> [AIM OF THE TASK]
Examine the entries and show every line in which the word "Unisex" is found.

::::::::

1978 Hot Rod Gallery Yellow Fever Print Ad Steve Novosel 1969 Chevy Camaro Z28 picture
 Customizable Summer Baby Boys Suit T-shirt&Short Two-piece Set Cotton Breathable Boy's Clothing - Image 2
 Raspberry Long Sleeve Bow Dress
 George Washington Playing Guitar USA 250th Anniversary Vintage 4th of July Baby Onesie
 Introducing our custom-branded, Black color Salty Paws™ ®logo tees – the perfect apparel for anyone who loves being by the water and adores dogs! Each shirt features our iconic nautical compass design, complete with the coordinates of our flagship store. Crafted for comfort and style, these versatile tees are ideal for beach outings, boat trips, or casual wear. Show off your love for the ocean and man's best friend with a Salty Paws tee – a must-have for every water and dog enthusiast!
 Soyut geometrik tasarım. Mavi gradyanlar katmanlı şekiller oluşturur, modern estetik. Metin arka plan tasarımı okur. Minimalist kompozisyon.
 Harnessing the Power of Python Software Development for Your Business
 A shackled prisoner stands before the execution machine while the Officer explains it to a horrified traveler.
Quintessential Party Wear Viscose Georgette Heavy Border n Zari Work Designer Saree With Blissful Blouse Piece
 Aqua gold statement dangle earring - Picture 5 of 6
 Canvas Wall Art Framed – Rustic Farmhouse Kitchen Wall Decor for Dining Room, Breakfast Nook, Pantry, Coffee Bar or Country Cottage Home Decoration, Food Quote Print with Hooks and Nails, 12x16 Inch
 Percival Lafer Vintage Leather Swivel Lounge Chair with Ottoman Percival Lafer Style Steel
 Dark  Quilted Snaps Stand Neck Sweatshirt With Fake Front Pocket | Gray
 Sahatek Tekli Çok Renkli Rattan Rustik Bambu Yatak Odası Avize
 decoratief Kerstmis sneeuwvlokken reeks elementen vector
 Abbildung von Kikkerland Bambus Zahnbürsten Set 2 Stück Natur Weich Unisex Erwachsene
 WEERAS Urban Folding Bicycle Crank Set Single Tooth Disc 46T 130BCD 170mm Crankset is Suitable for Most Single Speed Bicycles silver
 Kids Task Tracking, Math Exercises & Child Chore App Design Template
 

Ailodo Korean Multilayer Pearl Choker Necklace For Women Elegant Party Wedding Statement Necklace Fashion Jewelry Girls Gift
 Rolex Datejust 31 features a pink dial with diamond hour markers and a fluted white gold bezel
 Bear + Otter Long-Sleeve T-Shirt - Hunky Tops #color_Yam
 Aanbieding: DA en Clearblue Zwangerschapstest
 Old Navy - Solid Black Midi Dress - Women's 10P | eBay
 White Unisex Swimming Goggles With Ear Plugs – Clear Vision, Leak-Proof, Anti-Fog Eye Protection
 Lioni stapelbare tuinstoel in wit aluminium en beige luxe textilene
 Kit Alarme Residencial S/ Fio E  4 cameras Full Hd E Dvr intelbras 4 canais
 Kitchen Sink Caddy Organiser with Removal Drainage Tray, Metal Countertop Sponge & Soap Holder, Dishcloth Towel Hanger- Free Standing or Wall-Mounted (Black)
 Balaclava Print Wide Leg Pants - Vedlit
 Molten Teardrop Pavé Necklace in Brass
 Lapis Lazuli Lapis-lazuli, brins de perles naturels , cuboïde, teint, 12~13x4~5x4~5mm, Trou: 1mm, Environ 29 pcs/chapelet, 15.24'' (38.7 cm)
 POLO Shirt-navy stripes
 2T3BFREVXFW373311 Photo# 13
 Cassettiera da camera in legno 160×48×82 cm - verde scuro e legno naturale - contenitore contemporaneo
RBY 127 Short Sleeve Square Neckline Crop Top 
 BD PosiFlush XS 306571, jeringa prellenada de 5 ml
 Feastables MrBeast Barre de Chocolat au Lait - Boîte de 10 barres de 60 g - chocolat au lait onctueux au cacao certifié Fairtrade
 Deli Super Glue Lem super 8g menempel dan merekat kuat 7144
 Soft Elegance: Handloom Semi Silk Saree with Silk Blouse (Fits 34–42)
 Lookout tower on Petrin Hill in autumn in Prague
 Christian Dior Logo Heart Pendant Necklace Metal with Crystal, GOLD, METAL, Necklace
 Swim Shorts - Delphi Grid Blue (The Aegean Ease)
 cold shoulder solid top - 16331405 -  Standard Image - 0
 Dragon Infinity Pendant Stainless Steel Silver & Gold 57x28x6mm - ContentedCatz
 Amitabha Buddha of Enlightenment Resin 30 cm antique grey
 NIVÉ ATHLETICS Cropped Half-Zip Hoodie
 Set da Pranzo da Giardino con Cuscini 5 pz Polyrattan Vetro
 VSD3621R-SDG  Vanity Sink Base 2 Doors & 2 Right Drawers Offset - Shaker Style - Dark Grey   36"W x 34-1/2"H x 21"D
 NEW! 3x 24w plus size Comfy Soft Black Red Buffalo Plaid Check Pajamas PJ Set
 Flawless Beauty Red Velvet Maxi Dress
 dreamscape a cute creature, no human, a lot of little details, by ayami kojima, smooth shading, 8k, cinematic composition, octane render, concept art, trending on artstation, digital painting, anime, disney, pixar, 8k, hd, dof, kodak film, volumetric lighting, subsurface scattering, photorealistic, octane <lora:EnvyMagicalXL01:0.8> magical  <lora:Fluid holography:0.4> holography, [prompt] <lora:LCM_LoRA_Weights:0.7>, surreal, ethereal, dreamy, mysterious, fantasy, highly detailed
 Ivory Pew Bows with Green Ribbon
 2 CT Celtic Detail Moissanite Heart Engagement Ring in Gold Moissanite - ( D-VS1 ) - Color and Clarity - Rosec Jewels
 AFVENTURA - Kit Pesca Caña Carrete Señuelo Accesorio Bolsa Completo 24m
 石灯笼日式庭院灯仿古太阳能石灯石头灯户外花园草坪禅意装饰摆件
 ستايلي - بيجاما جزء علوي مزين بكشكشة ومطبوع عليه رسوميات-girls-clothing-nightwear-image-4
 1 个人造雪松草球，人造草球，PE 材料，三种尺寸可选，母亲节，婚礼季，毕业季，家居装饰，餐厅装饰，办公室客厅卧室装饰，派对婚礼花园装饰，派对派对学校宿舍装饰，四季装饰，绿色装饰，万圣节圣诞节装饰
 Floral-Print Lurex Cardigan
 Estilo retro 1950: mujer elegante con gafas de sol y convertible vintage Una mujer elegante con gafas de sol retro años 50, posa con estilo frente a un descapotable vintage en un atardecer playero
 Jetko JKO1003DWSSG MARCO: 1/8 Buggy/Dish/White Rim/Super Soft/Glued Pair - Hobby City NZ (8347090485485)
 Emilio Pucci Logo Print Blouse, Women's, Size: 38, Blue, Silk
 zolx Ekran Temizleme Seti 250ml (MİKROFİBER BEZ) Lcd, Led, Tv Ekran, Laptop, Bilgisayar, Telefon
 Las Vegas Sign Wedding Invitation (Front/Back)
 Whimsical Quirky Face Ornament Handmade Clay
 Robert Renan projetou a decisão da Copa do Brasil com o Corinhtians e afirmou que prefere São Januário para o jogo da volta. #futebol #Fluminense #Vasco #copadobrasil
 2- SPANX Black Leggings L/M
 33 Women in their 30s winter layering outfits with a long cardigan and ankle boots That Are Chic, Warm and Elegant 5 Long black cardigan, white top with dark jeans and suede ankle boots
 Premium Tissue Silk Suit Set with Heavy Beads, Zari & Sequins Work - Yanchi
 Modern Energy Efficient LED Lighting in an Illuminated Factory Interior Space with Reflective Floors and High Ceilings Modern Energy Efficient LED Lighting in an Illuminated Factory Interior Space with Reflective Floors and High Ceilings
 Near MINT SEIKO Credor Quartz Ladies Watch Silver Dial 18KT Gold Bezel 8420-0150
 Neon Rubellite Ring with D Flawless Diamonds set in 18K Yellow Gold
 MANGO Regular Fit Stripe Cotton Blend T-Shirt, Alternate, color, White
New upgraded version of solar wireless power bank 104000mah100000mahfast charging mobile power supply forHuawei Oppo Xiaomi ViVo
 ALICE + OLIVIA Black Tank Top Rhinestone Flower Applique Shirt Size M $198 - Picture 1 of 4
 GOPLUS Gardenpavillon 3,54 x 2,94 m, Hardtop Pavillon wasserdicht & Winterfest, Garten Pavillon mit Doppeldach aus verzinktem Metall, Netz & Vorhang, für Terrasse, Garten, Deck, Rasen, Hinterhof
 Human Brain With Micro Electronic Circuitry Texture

::::::::

> [EXERCISE RESPONSE]
 Abbildung von Kikkerland Bambus Zahnbürsten Set 2 Stück Natur Weich Unisex Erwachsene
 White Unisex Swimming Goggles With Ear Plugs – Clear Vision, Leak-Proof, Anti-Fog Eye Protection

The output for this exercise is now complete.